In an interesting twist on things, there’s very little in the way of hand-to-hand combat; Sandi’s weapon of choice is a flail that looks to all the world like a tennis ball in a kneesock, but hits with considerably more impact. (A nice touch; the first time he’s spurred to violence, the camera placement and the editing keep his attack tantalizingly obscured; we don’t see exactly what it is he did, but we know it fucked those dudes up). Stunt coordinator siblings Daniel and Jonathan Ozoh get a surprising amount of mileage out of a weapon with an admittedly limited variation in terms of possible moves; his showdown with Ramon, a bloody battle between flail and hair shear, is a highlight.

Inevitably, it all leads to a final showdown that cleverly makes use of Sandi’s disability as strategy.

Only… turns out that’s not the end after all.

Without giving too much away, the final fifteen minutes of the movie go to some dark, sad, truly bizarre places. It’s a biiiiiig swing, a series of choices that will either have you staring at the screen in utter bafflement or bowing in respect to the genuine audacity of it all.
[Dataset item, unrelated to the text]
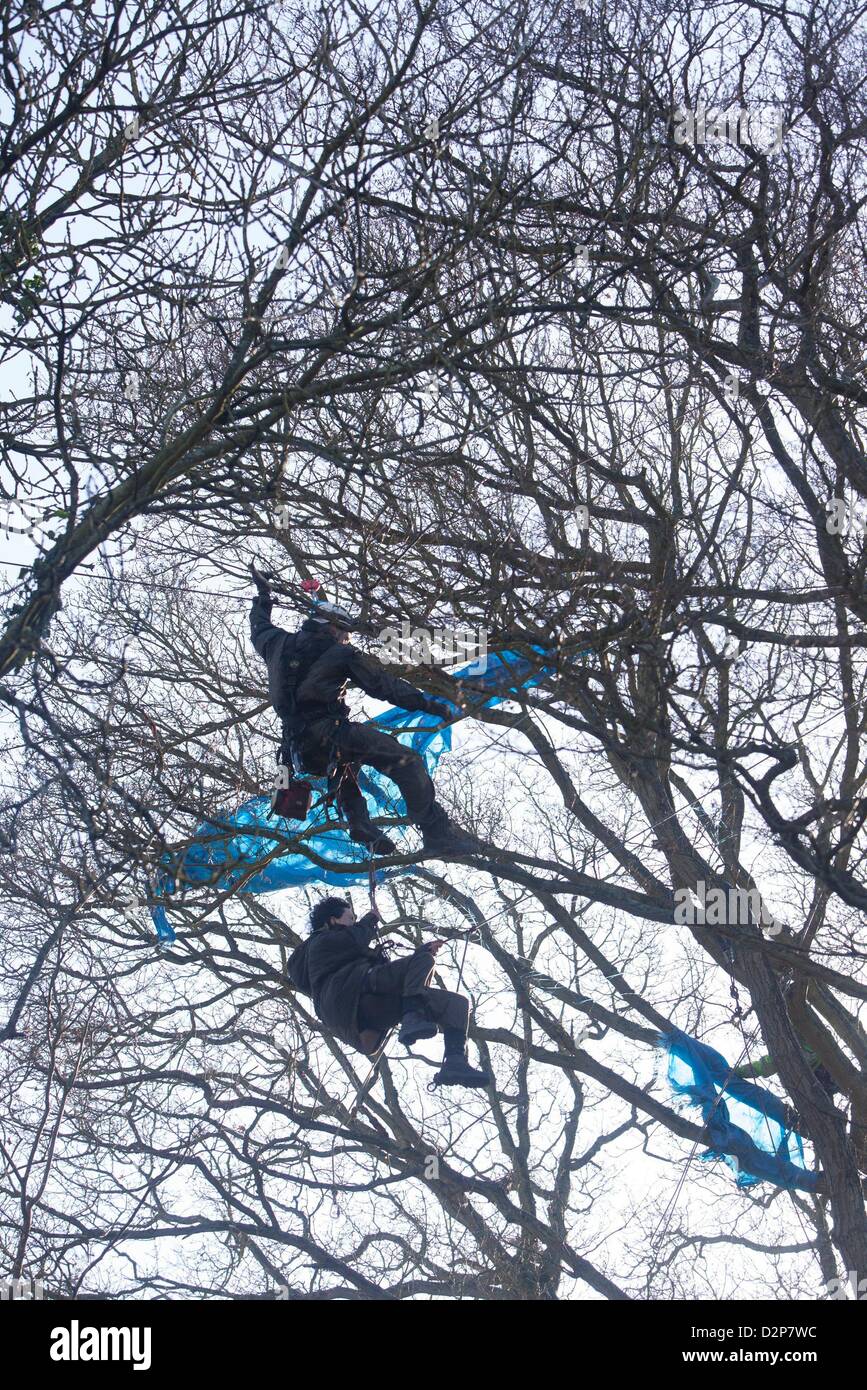 Lara un fo gli ultimi manifestanti a essere rimossi dagli alberi presso il laghetto decoy Combe Haven . Bexhill - Hastings Bypass. Vi è un grande prescence di sicurezza - circa un centinaio di polizia e si voltò e sicurezza . 15 persone rimangono in alberi East Sussex countly consiglio spingendo per la strada per essere costruito ha rifiutato di consentire la fornitura di cibo e medicine in alberi. La struttura ad albero manifestanti sat 3 notti di gales e pioggia Foto Stock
Again… I shall say no more.

Preman: Silent Fury is an interesting case where the rights are almost inextricable from the wrongs; Ramon is a great character steeped in homophobic cliches that may or may not be ironically deployed… even though we don’t see it, the rape of a tertiary character feels ugly and gratuitous; but lends genuine emotional power to a moment late in the film where the violated woman (a barnstorming Salvita Decorte) unleashes hell on both Sandi and the boyfriend who tries to hide behind her trauma to justify actions made out of cowardice. (There’s almost no female presence in the film, which could understandably be considered a demerit; but credit where credit is due, both Decorte and Putri Ayudya as Sandi’s justifiably upset ex-wife are given an autonomy and a moral force that brings to bear the sheer wrongness of the world the men around them have created).

In its shortcomings and its ambitions, whether it works overall or not, in the end it is precisely the kind of movie that film festivals and cult followings are made for.